Ela tem pouca idade, já colheu em plantação, ajuda em casa, e faz renascença todas as manhãs. Estuda na escola à tarde. Gosta de matemática e tem sonhos, um deles é ser professora. Quer ensinar o que aprende: cada idade, tem muita vida pra trocar. Planta que vai crescendo com o compromisso de ajudar a cuidar do jardim.
Na sala estão a mãe, os irmãos mais novos e nós, escutando. De uma mulher para outra, de menina para mulher… Entre histórias vividas e (re)lembradas, a chuva molha as roupas enquanto conversamos. A mãe vai recolher. A água molha suave, e também pode encharcar. Assim, um pequeno cão aparece para acarinhar a todos que estão ali!
Sua almofada de fazer renda tem capa de proteção, feita por ela mesma. Da manga da camisa tira a linha e desmancha muitos novelos, vai nos ensinando os aprendizados que teve até aquele dia, e fala sobre outros que ainda virão. Realidades, sonhos, dores e belezas. Passado, presente, futuro. A história da avó, da mãe, da filha…as brincadeiras mudam, os livros são trazidos pra casa, e o trabalho? A filha ensina a mãe, a mãe ensina a filha, uma pela outra. Todo o dia fazendo renda, a renda fazendo o dia. Até quando?
História de uma, história de muitas. Cada renda, muita vida. Cada vida, muita renascença. Contar e reconhecer os diferentes pontos importa. E registrar: alguém pergunta, alguém fala, alguém escuta…todas compartilhamos. Escutar vida que existe importa, histórias mais que necessárias pra molhar a terra seca e (re)nascer flor. Todo dia.
Assim, na sala da casa delas, naquele encontro, cada uma de nós compartilha a idade que tem. Jovens senhoras meninas mulheres, brasileiras.
Para nos despedir, o cãozinho vem brincando emaranhado em nossos pés, com carinho.
Menina, tu ensinas a fazer renda e também a resistir! O teu fazer tem valor. Tu sabes! Mas é bom que outros saibam também.
Narrativa
Eu, muito pequenininha, ia colher também
Depois que eu nasci eu já mudei tanto de casa que perdi até as conta. Eu fui pra Petrolina. Passei sete anos morando lá.
Assim, que logo após que minha mãe teve a menina mais nova, Carol, a gente foi embora pra Petrolina.
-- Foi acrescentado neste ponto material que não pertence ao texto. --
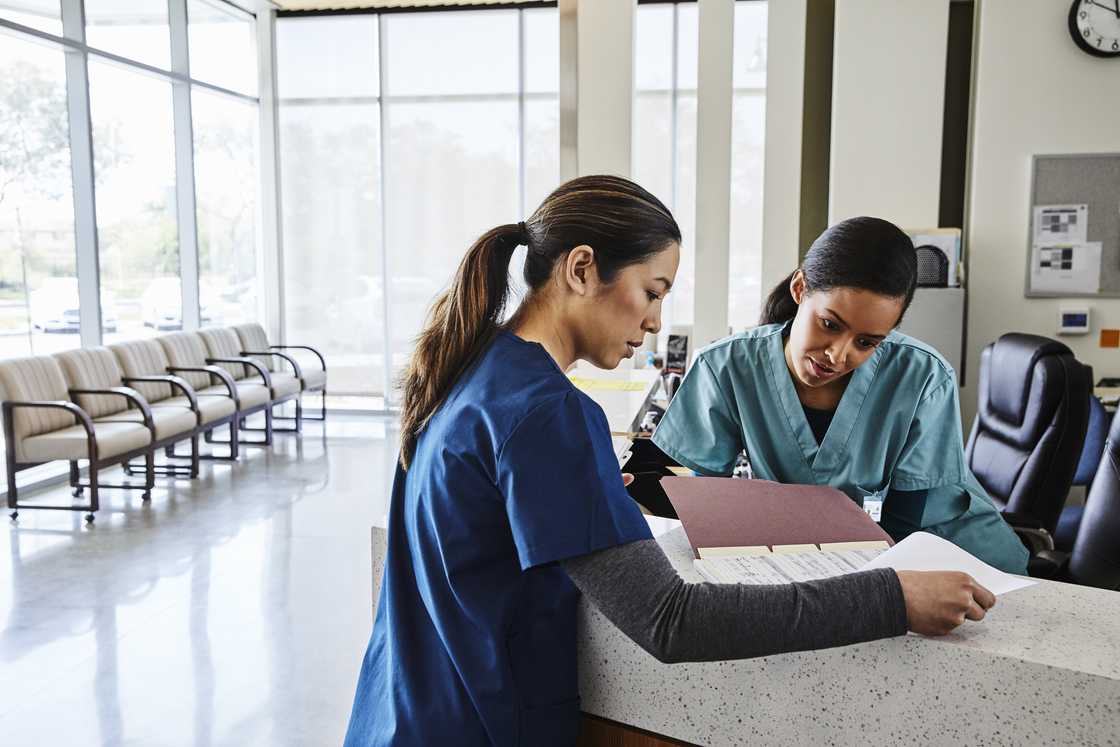 Nurses working at the reception desk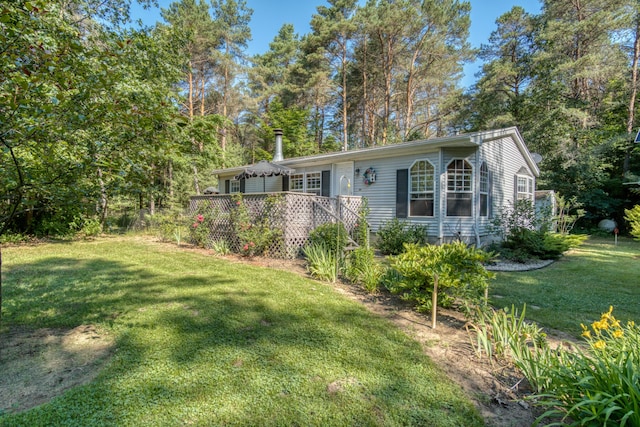 13113 Pinewood St NE, Gowen, MI 49326 - view of front of home featuring a front yard and a deck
Aí, com sete anos depois, a gente foi voltou pra cá. Porque lá (em Petrolina) era melhor de trabalho. (Gostava mais) Da plantação. Que eu, muito pequenininha, ia colher também.
Eu não quero (voltar) nem a pau. Minha família… Que eu tenho lá só mora três tia, só. Por parte de pai, mesmo assim. Aí não adianta nada eu ir pra lá pra ficar pela casa dos outros. É melhor ficar aqui (em Poção). É, a convivência por aqui. Com a família, amigos.
Eu mais gosto mesmo é matemática
A escola? É ótima. Tem o Mais Educação, né? que, se quiser, estuda o dia todo. Só que eu não estudo, não. Vou só à tarde mesmo. Eu não gosto de ir de manhã, não. É porque, assim, se eu for de manhã, não tem como ajudar em nada em casa. Aí é melhor ficar em casa. E vai lá só pra brincar. Tem aula de dança, futsal. Só que eu não sou muito chegada, não. Aí é melhor ficar em casa.
A (disciplina/ matéria) que eu mais gosto mesmo é matemática. Prefiro mais a matemática. Tem gente que pensa que é por causa do professor, mas, não, é por causa da aprendizagem mesmo. Porque, sempre quando chega na terceira unidade, eu já tô com minha média fechada em matemática. Agora, nas outras…
(Gosta de ler?) Muito. Livros, contos, um monte de coisas. Uma das que eu gostei mais foi uma que eu peguei de… “A vida de Alice no subterrâneo”, que é ela no coisa… É Alice? É Alice. A história? Ela entra numa toca, né?, aí já muda tudo da vida dela. Só sei resumir algumas partes, só. É, só que o nome do livro é “Alice no mundo subterrâneo”.
Quando eu acordo, eu vou escovar os dentes. Logo depois eu tomo café e aí já começo a fazer renascença. Eu passo a manhã todinha fazendo renascença. Quando chega meio-dia, meio-dia e quinze, eu me arrumo todinha pra ir pra escola. Aí, quando é uma hora e quinze, eu chego lá. Aí eu coiso… Lá eu passo o coisa. Ando, dou umas voltinha. Quando eu chego, troco de roupa; às vezes faço renascença, às vezes não. Às vezes, eu vou pra casa da minha vó, lá em cima. Não sou muito chegada em ficar em casa direto, não.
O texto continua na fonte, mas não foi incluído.